▶ [EXERCISE DIRECTIONS] Would you please set down the data again exactly as given, excluding the pictures?

▶ [RECORDS SHOWN]
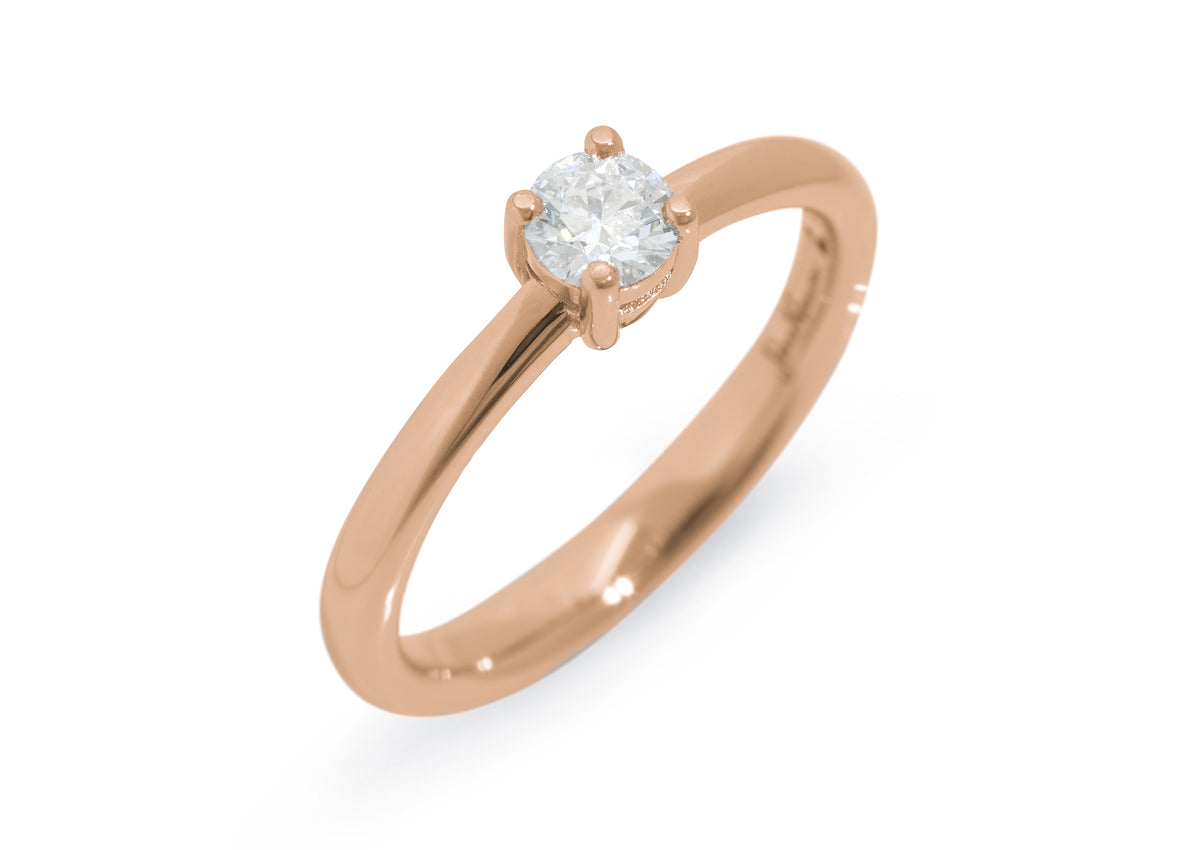 Aria Diamond Engagement Ring, Red Gold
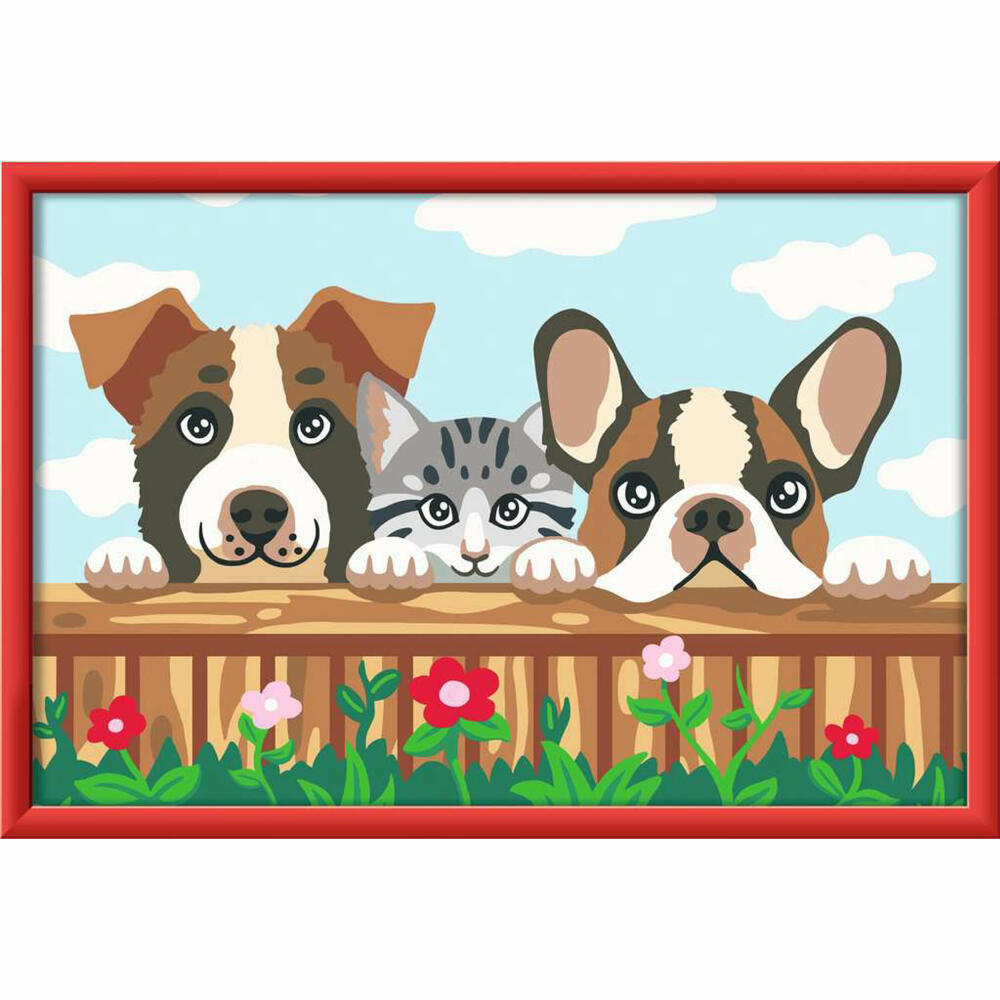 Ravensburger CreArt Hunde und Katze, Malen nach Zahlen, Mal-Set für Kinder, ab 11 Jahren, 23855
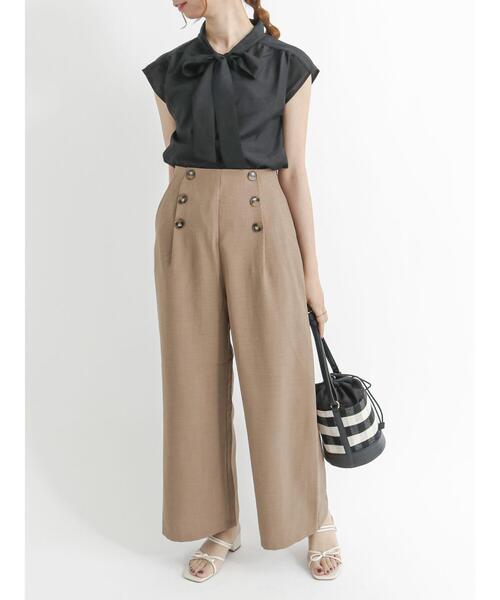 Te chichi TERRASSE（テチチテラス）の「ボウタイブラウス（シャツ/ブラウス・レディース・ブラック/オフホワイト/カーキ・ﾌﾘ-）」の17枚目の写真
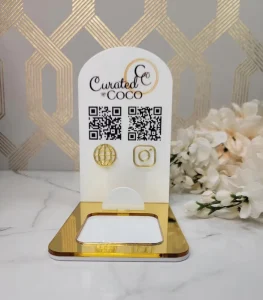 Acrylic QR Code Social Media Sign with Card Holder for Beauty and Payment Display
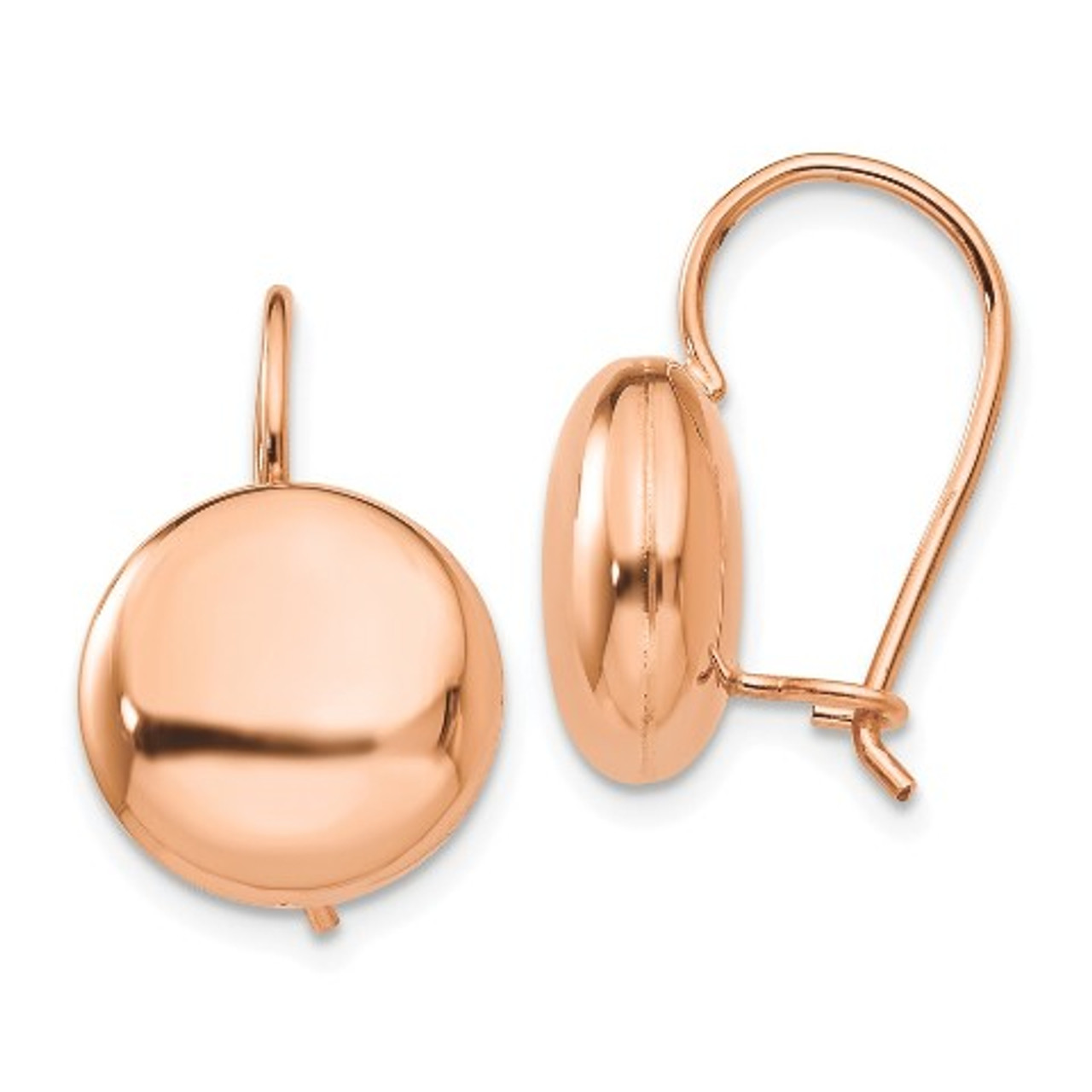 14K Rose Gold Polished 12mm Button Kidney Wire Earrings - (B44-248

▶ [RESPONSE AREA]
 Aria Diamond Engagement Ring, Red Gold
 Ravensburger CreArt Hunde und Katze, Malen nach Zahlen, Mal-Set für Kinder, ab 11 Jahren, 23855
 Te chichi TERRASSE（テチチテラス）の「ボウタイブラウス（シャツ/ブラウス・レディース・ブラック/オフホワイト/カーキ・ﾌﾘ-）」の17枚目の写真
 Acrylic QR Code Social Media Sign with Card Holder for Beauty and Payment Display
 14K Rose Gold Polished 12mm Button Kidney Wire Earrings - (B44-248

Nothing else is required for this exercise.